The response should consist solely of the line containing "Francia: Identificaron a" and the lines after it through the end of the listing below, repeated exactly.
== Given records ==
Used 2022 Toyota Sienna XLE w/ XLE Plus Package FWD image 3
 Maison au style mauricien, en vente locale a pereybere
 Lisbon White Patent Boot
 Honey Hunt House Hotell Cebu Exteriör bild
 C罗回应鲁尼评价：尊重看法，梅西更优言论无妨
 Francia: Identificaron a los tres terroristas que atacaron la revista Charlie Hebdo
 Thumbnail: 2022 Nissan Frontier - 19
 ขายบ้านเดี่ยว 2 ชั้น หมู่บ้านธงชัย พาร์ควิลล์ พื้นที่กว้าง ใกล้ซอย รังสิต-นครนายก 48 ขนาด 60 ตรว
===
> _Exercise result_
 Francia: Identificaron a los tres terroristas que atacaron la revista Charlie Hebdo
 Thumbnail: 2022 Nissan Frontier - 19
 ขายบ้านเดี่ยว 2 ชั้น หมู่บ้านธงชัย พาร์ควิลล์ พื้นที่กว้าง ใกล้ซอย รังสิต-นครนายก 48 ขนาด 60 ตรว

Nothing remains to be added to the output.